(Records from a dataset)
--------------------------------------------------
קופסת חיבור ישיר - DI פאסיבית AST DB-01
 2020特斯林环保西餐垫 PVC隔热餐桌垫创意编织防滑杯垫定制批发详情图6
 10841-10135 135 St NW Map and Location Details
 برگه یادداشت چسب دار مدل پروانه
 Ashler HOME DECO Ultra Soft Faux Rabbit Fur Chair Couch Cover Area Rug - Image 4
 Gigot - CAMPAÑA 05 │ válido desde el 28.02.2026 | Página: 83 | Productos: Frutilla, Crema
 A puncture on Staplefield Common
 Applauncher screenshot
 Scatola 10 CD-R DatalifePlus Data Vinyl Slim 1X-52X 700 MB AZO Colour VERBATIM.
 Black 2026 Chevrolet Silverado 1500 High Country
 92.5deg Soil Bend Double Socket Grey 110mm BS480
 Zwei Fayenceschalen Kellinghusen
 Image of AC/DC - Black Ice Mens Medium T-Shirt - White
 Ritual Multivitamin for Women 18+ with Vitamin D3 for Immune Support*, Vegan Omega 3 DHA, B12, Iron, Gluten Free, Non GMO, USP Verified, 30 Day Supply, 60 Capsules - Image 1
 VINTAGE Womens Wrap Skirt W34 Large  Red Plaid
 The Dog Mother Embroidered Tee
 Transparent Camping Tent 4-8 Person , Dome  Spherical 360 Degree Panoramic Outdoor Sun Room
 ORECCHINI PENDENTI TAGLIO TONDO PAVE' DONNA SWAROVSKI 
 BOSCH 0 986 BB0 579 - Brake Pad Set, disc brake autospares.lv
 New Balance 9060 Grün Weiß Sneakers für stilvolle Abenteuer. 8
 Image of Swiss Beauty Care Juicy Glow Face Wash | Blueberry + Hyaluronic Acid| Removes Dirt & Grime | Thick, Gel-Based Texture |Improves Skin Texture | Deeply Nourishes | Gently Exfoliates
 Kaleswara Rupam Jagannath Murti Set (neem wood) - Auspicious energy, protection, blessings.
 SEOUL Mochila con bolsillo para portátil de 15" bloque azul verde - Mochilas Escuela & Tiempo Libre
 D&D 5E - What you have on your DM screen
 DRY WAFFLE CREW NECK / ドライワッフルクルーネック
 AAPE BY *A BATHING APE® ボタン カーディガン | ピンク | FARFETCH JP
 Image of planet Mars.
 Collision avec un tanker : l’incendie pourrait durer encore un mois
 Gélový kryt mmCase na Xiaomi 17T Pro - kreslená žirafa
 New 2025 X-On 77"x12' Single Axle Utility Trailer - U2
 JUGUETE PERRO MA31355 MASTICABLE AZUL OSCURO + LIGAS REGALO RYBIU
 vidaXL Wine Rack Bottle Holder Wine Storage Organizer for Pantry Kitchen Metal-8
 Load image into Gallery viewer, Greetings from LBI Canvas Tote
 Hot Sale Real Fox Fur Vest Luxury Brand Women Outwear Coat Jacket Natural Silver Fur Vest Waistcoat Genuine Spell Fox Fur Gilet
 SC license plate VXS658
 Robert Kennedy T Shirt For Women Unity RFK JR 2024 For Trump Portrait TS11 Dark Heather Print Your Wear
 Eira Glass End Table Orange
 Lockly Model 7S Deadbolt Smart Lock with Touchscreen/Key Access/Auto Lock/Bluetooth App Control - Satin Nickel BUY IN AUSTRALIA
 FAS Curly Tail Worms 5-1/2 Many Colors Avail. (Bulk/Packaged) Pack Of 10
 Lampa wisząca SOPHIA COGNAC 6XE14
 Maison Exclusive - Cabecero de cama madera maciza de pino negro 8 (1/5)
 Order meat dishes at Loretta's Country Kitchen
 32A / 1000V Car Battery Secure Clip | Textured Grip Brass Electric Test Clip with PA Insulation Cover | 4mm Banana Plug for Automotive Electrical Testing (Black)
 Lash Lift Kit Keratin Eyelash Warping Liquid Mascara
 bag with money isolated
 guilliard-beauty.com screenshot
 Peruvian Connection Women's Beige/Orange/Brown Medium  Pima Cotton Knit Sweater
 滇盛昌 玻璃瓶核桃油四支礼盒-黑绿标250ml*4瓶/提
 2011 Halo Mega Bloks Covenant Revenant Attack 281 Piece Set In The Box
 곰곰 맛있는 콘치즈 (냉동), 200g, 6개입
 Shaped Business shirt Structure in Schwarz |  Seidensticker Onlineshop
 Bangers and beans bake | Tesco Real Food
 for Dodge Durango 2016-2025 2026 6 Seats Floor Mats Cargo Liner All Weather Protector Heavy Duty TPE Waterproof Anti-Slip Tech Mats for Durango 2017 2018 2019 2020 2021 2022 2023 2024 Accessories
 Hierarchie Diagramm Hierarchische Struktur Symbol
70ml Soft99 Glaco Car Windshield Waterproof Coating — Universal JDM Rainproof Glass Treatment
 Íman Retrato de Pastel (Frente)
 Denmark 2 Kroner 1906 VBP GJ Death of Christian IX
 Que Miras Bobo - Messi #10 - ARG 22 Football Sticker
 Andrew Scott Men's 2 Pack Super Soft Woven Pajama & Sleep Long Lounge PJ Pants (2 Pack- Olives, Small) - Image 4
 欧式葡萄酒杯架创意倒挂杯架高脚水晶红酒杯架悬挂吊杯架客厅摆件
--------------------------------------------------
Problem details → Beginning with the top line of the data above, output every line exactly until the one that contains "D&D 5E - What you have on your DM screen", and include that one too.

Answer section →
קופסת חיבור ישיר - DI פאסיבית AST DB-01
 2020特斯林环保西餐垫 PVC隔热餐桌垫创意编织防滑杯垫定制批发详情图6
 10841-10135 135 St NW Map and Location Details
 برگه یادداشت چسب دار مدل پروانه
 Ashler HOME DECO Ultra Soft Faux Rabbit Fur Chair Couch Cover Area Rug - Image 4
 Gigot - CAMPAÑA 05 │ válido desde el 28.02.2026 | Página: 83 | Productos: Frutilla, Crema
 A puncture on Staplefield Common
 Applauncher screenshot
 Scatola 10 CD-R DatalifePlus Data Vinyl Slim 1X-52X 700 MB AZO Colour VERBATIM.
 Black 2026 Chevrolet Silverado 1500 High Country
 92.5deg Soil Bend Double Socket Grey 110mm BS480
 Zwei Fayenceschalen Kellinghusen
 Image of AC/DC - Black Ice Mens Medium T-Shirt - White
 Ritual Multivitamin for Women 18+ with Vitamin D3 for Immune Support*, Vegan Omega 3 DHA, B12, Iron, Gluten Free, Non GMO, USP Verified, 30 Day Supply, 60 Capsules - Image 1
 VINTAGE Womens Wrap Skirt W34 Large  Red Plaid
 The Dog Mother Embroidered Tee
 Transparent Camping Tent 4-8 Person , Dome  Spherical 360 Degree Panoramic Outdoor Sun Room
 ORECCHINI PENDENTI TAGLIO TONDO PAVE' DONNA SWAROVSKI 
 BOSCH 0 986 BB0 579 - Brake Pad Set, disc brake autospares.lv
 New Balance 9060 Grün Weiß Sneakers für stilvolle Abenteuer. 8
 Image of Swiss Beauty Care Juicy Glow Face Wash | Blueberry + Hyaluronic Acid| Removes Dirt & Grime | Thick, Gel-Based Texture |Improves Skin Texture | Deeply Nourishes | Gently Exfoliates
 Kaleswara Rupam Jagannath Murti Set (neem wood) - Auspicious energy, protection, blessings.
 SEOUL Mochila con bolsillo para portátil de 15" bloque azul verde - Mochilas Escuela & Tiempo Libre
 D&D 5E - What you have on your DM screen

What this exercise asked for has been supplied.